Discurso durante a 20ª Sessão Deliberativa Ordinária, no Senado Federal

COMENTARIOS SOBRE OS ESFORÇOS DO GOVERNO FEDERAL NO ENFRENTAMENTO DA QUESTÃO AGRARIA.

Autor
Lúcio Alcântara (PSDB - Partido da Social Democracia Brasileira/CE)
Nome completo: Lúcio Gonçalo de Alcântara
Casa
Senado Federal
Tipo
Discurso
Resumo por assunto
REFORMA AGRARIA.:
  • COMENTARIOS SOBRE OS ESFORÇOS DO GOVERNO FEDERAL NO ENFRENTAMENTO DA QUESTÃO AGRARIA.
Publicação
Publicação no DSF de 24/03/2000 - Página 5314
Assunto
Outros > REFORMA AGRARIA.
Indexação
  • COMENTARIO, ATUAÇÃO, PRESIDENTE DA REPUBLICA, PROMOÇÃO, JUSTIÇA, REFORMA AGRARIA, SOLUÇÃO, CONFLITO, POSSE, TERRAS, REGISTRO, DADOS, ASSENTAMENTO RURAL.
  • ANALISE, IDEOLOGIA, POLITICA PARTIDARIA, REFERENCIA, REFORMA AGRARIA, COMENTARIO, ALTERAÇÃO, RELAÇÃO DE EMPREGO, CAMPO, DESENVOLVIMENTO TECNOLOGICO.
  • GRAVIDADE, VIOLENCIA, IMPUNIDADE, ZONA RURAL, REGISTRO, VITIMA, HOMICIDIO.
  • REGISTRO, OBJETIVO, GOVERNO FEDERAL, DESCENTRALIZAÇÃO, REFORMA AGRARIA, AUMENTO, PARTICIPAÇÃO, MUNICIPIO, INCENTIVO, AGRICULTURA, FAMILIA.

O SR. LÚCIO ALCÂNTARA (PSDB – CE) - Sr. Presidente, Srªs e Srs. Senadores, venho hoje à tribuna desta Casa para fazer alguns comentários sobre a questão agrária brasileira e sobre os esforços que o Presidente Fernando Henrique Cardoso vem fazendo desde o seu primeiro mandato, no sentido de promover uma reforma agrária justa e resolver, em definitivo, o problema da posse da terra e dos conflitos rurais em nosso País.  

Ao longo de todo o nosso processo histórico, os problemas agrários brasileiros sempre foram colocados de maneira oposta e conflitante entre os chamados ideais de esquerda e os ideais conservadores. Os primeiros, sempre defenderam mudanças radicais na estrutura agrária nacional, e os segundos, que viam nessas idéias, pelo menos até a derrocada da União Soviética, um cheiro forte de comunismo no campo, temiam pelo fim dos velhos privilégios que os favoreceram durante séculos. Portanto, apesar das profundas mudanças políticas e ideológicas verificadas no mundo nos últimos dez anos, esse importante antagonismo ainda resiste até hoje, embora com outras conotações.  
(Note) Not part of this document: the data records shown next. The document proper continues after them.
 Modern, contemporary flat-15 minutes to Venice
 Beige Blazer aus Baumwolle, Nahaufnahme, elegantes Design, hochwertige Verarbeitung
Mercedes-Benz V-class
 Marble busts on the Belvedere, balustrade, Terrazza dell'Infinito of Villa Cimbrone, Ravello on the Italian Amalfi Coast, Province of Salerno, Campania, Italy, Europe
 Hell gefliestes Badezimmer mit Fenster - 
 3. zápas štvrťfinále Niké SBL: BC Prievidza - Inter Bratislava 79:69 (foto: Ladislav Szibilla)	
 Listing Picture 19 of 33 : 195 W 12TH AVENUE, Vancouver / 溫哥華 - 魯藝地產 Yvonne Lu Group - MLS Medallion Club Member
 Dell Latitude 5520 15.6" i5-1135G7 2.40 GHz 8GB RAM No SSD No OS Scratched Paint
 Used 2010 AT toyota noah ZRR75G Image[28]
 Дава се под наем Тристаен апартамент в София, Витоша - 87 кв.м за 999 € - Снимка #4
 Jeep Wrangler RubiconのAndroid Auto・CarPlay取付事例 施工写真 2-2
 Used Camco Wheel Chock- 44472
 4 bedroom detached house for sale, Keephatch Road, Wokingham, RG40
O que restou desse conflito, que atravessou séculos e que continua tirando o sono dos grandes e médios proprietários e ceifando a vida de muitos trabalhadores rurais, é o esgotamento total das relações sociais, políticas e econômicas que sempre predominaram no campo. Estas, em permanente contradição com o avanço da globalização, não têm mais condições de existir, pois a evolução fantástica das forças produtivas capitalistas gerou novos parâmetros, que definem a reprodução do capital com muito mais rapidez, eficiência, qualidade e competitividade.  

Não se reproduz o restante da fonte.